Les régulations se situent à trois niveaux qui concernent les produits dérivés, les dédouanements centralisés (central clearance) et les marges et exigences en matière de garantie. Mais il est certain que les dédouanements et directives en matière de marges ne protègeront pas de futures crises.

3. Banques et emprunts souverains

De nombreux commentateurs espèrent que les liquidités fournies au système bancaire via les taux de pensions de la BCE, le Quantitative Easing (QE) et les très faibles taux d’intérêts permettront de fournir des prêts aux économies nationales. Malheureusement, ce n’est pas comprendre la manière dont le système bancaire fonctionne en particulier les effets de l’incompatibilité des motivations des banquiers.

Depuis le début de la crise le principal problème pour les banquiers a été l’absence de profits faciles. En 2010 et 2011, les opérations de carry trade typiques consistaient à acheter des titres de mauvaise qualité et de les redéposer à la BCE. A la mi-2012, la BCE a appliqué à ces dépôts un taux à 0% d’intérêt : refinancement gratuit ! Mais en contrepartie les banques ont été forcées d’utiliser des fonds bon marché pour acheter des avoirs. Quelles sortes d’avoirs ont-elles choisi ?

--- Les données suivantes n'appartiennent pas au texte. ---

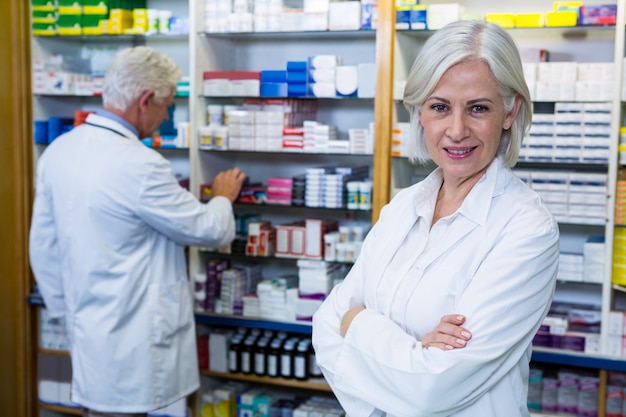 Farmacista che sta con le armi attraversate e collega che controlla le medicine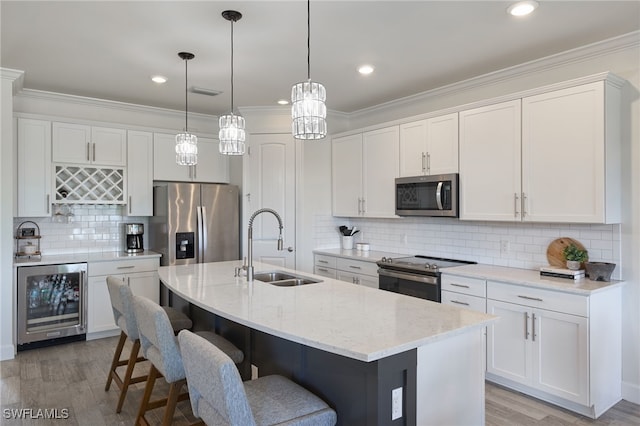 kitchen featuring a center island with sink, beverage cooler, appliances with stainless steel finishes, sink, and light wood-type flooring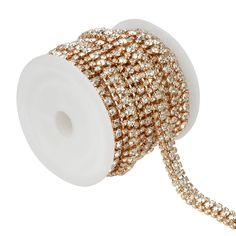 a roll of gold and white beaded ribbon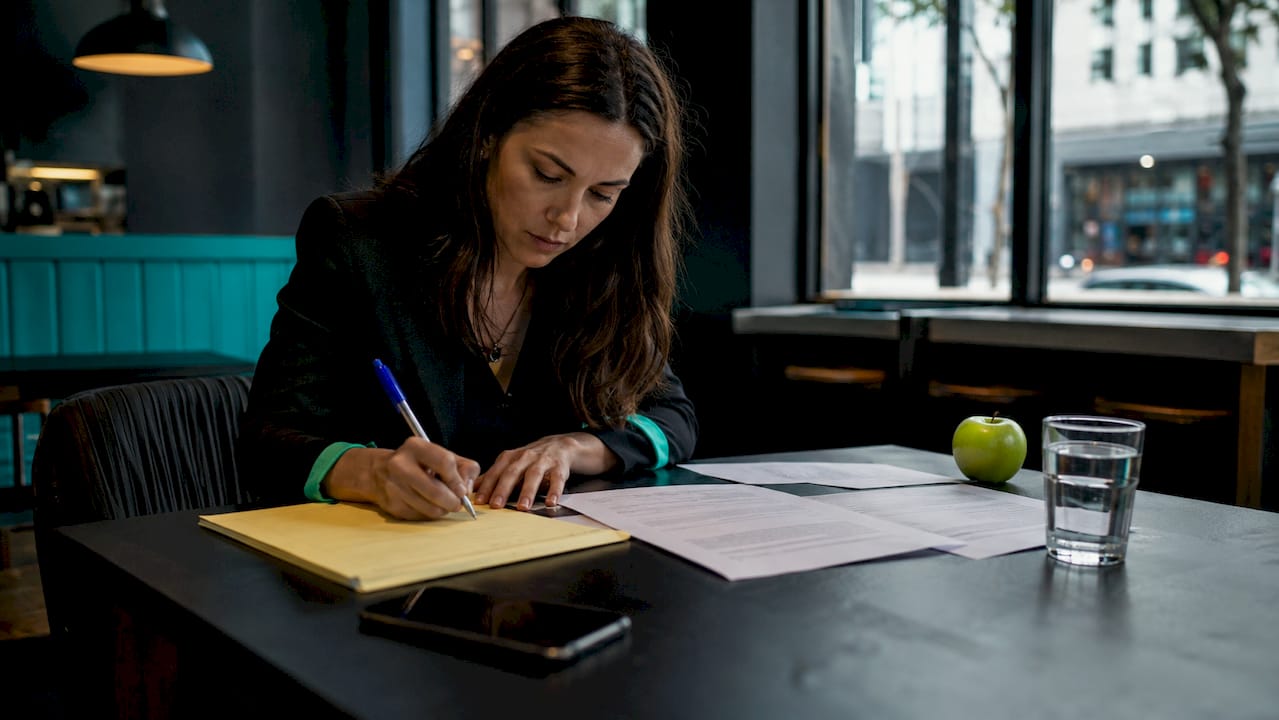 Woman taking notes on incident response clauses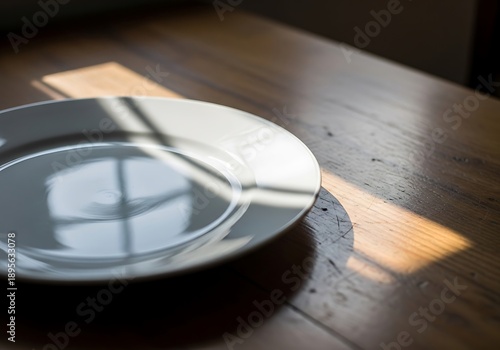 Plain white plate sitting on a wooden table in a shaft of sunlight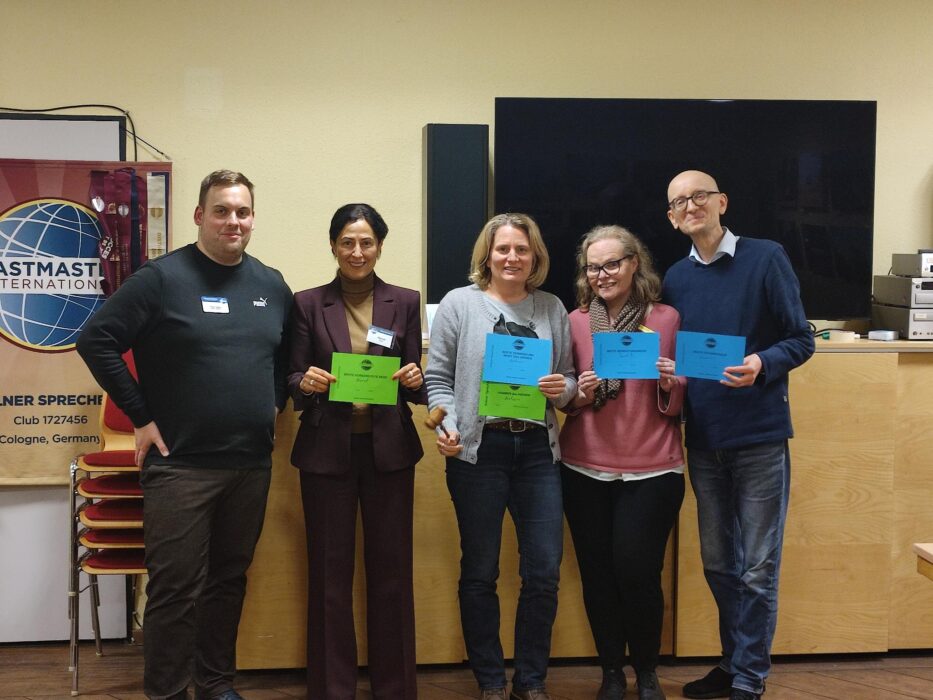 Fünf Personen stehen in einem Veranstaltungsraum nebeneinander, lächeln in die Kamera und halten farbige Urkunden. Links ist ein Toastmasters-Banner zu sehen, hinter ihnen ein großer Bildschirm und Holzmöbel. Eine Person hält zusätzlich einen kleinen Hammer in der Hand.
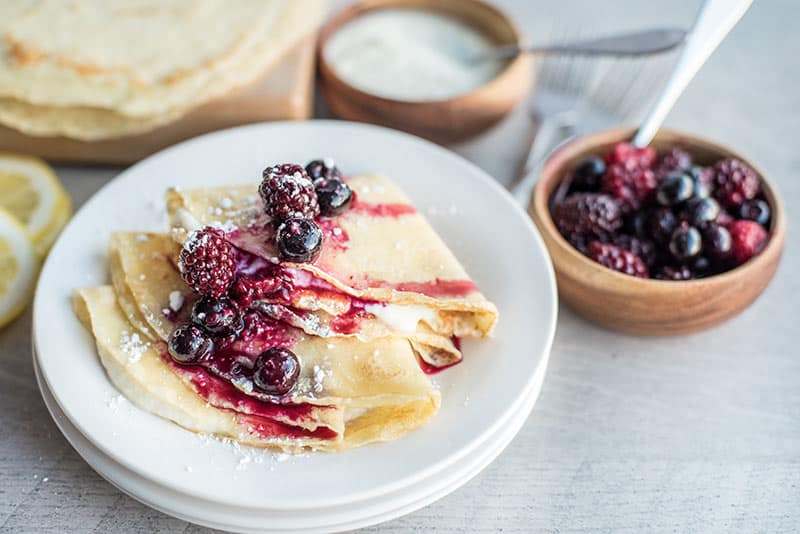 A plate of folded crepes topped with powdered sugar and mixed berries, served alongside a vibrant berry compote, with a bowl of cream and stacked crepes in the background on a light table.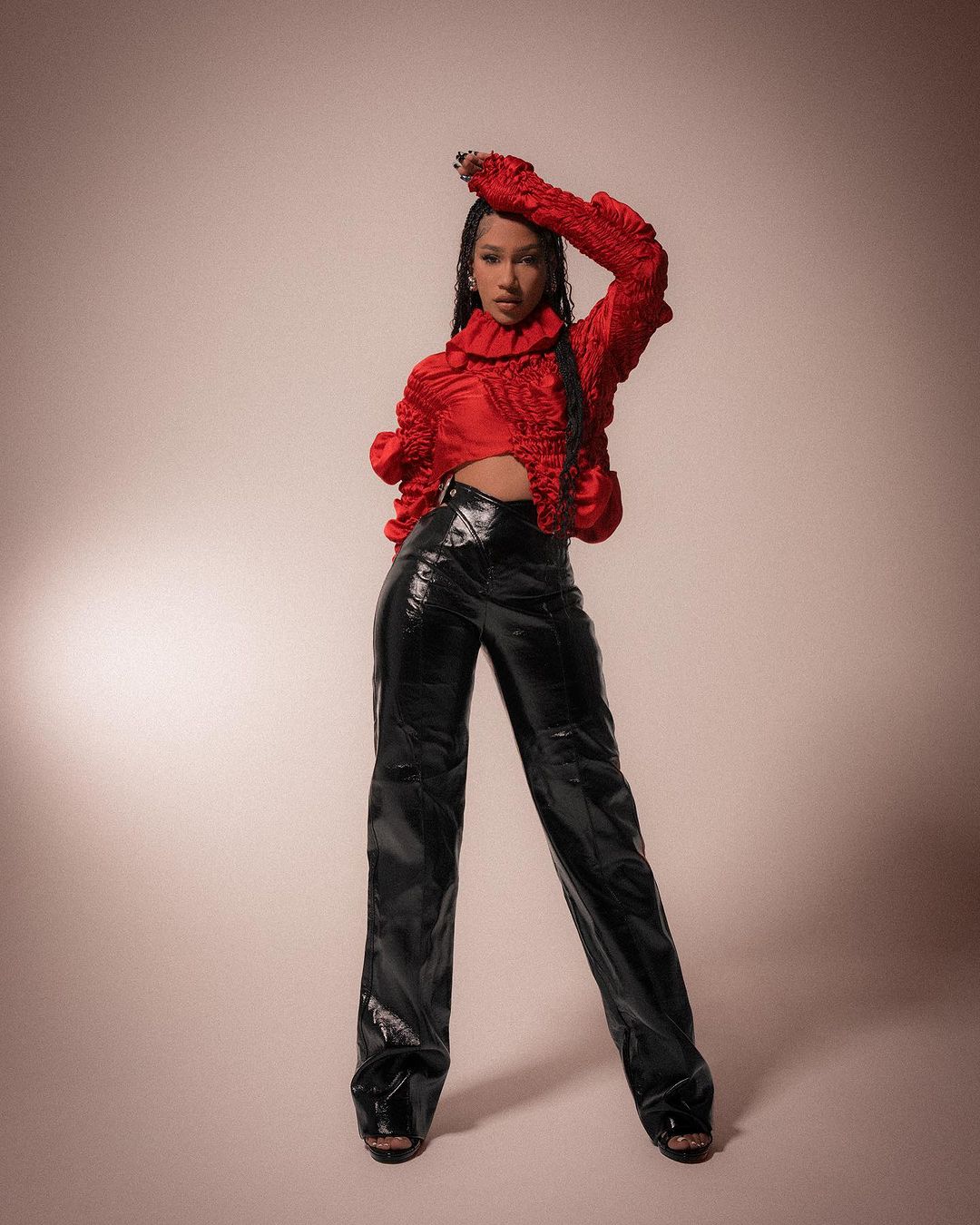 Full-length portrait of an adult female in a red top and shiny black pants posing in front of a neutral-toned backdrop in studio light.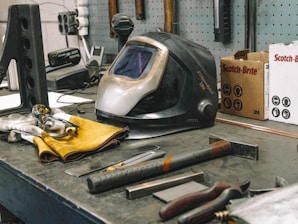 a welding helmet sitting on top of a workbench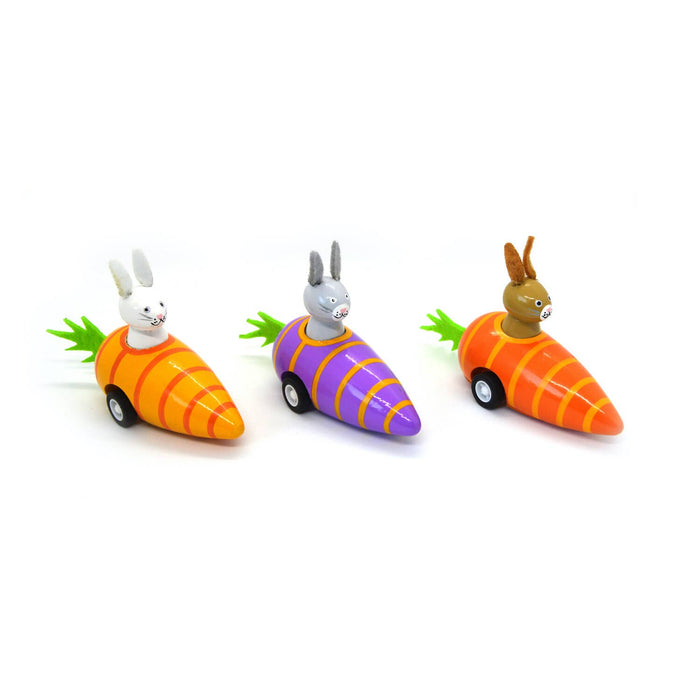 Three toy carrot cars with rabbit figures on a white background
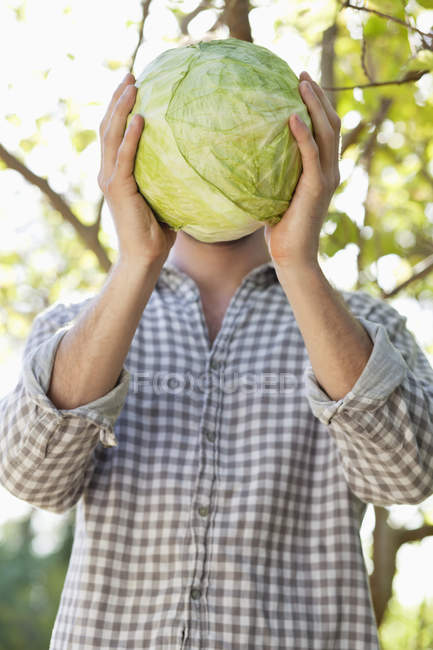 Man holding cabbage in front of face in garden — Stock Photo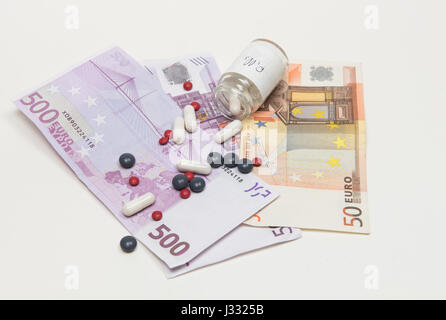 Euro banknotes and medical pills. Concept of expensive health care Stock Photo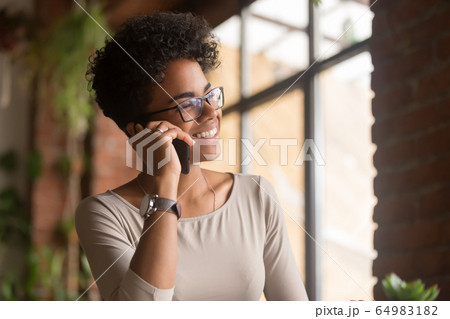 Happy african american young businesswoman talking on phone in office 64983182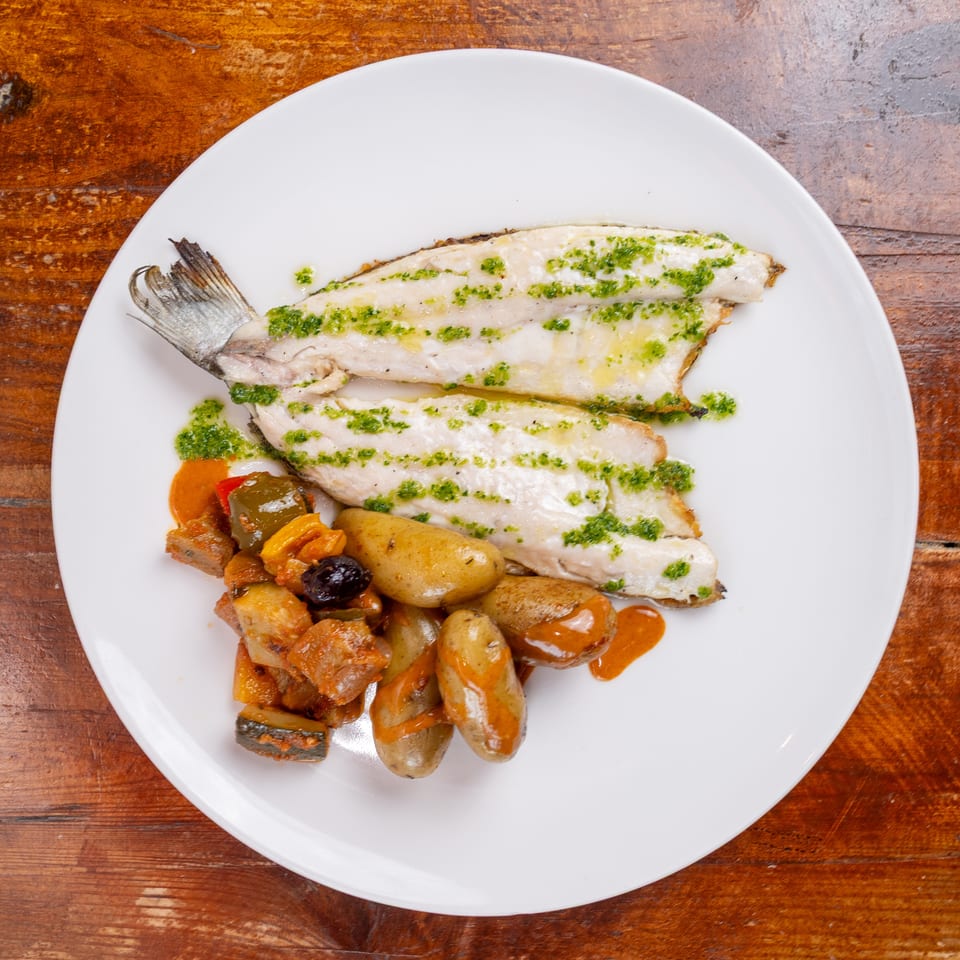 Grilled fish fillets topped with green herb sauce, served with roasted potatoes and vegetables on a white plate.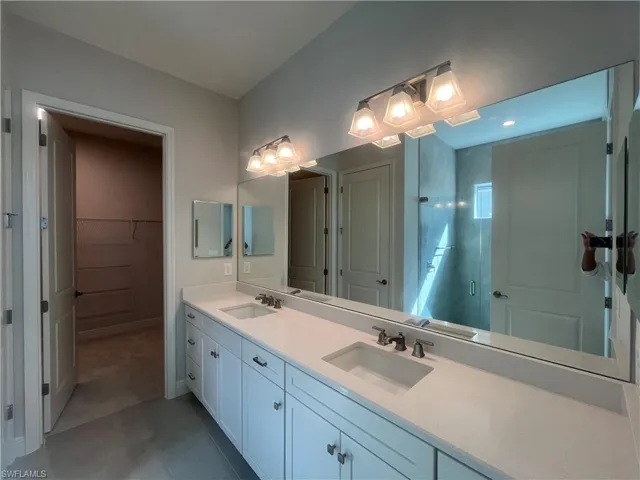 Bathroom with double vanity, a stall shower, and a walk in closet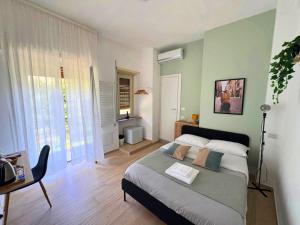 a bedroom with a bed and a desk in it at Quattro Venti city suites in Rome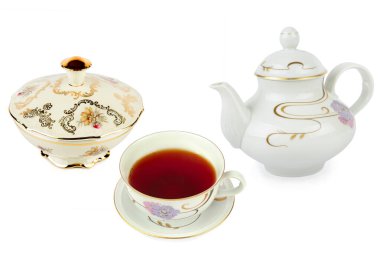 Vintage candy bowl, tea cup and teapot isolated on white background. Collage.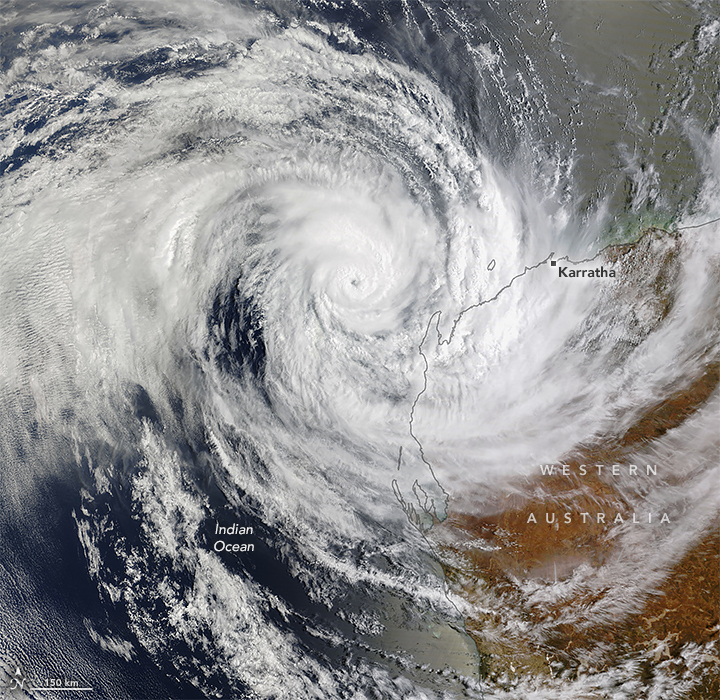 A downward-looking image shows swirling bands of white clouds around the eye of a tropical cyclone over blue ocean water. The cloud bands partially cover the coastal areas of Western Australia.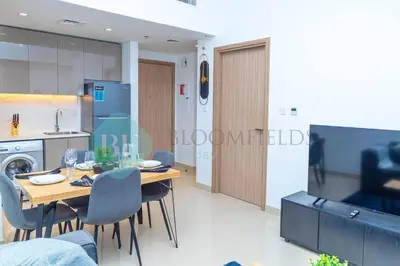 a kitchen and dining room with a table and chairs at Bloomfields 1br Azizi Gardens Meydan in Dubai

L’année dernière, l’attention s’est portée sur les avoirs « Investment Grade » tels que les créances hypothécaires. Les titres de la plus haute qualité UK RMBS (notée AAA) ont été émis à un spread de 150-160 bp. Ces spreads sont maintenant à 50 bp. L’attention s’est ensuite portée sur des opportunités de hauts rendements tels que les dettes bancaires subordonnées, mais les récentes pertes subies par ces obligations ont douché les enthousiasmes. Pour ces raisons, le retour du Portugal et de l’Irlande dans les marchés de capitaux a été une très bonne nouvelle pour les banquiers. Les obligations émises par ces pays ont pu être achetées par les banques et promises à la BCE pour un financement à un taux d’intérêt de 0,75%. Les décotes s’appliquent selon le taux. Par exemple, dans le cas du Portugal, cela génèrerait un profit de 4,15% pa sur 90% du fonds, la banque aurait à autofinancer 10%. Néanmoins cela reste particulièrement attractif pour les grandes banques qui peuvent déclarer ces avoirs comme des obligations « détenues jusqu’à échéance » pour éviter le risque de marquer les pertes des valeurs des marchés si jamais il y avait un problème concernant la capacité du Portugal d’assumer sa dette restructurée.

En un mot, le carry trade reste l’activité prédominante des banques du fait de la comptabilité et des régulations de capitaux. Peu ou pas de fonds bon marché seront affectés hors des avoirs financiers et dans les « économies réelles ». Les bulles sont simplement regonflées.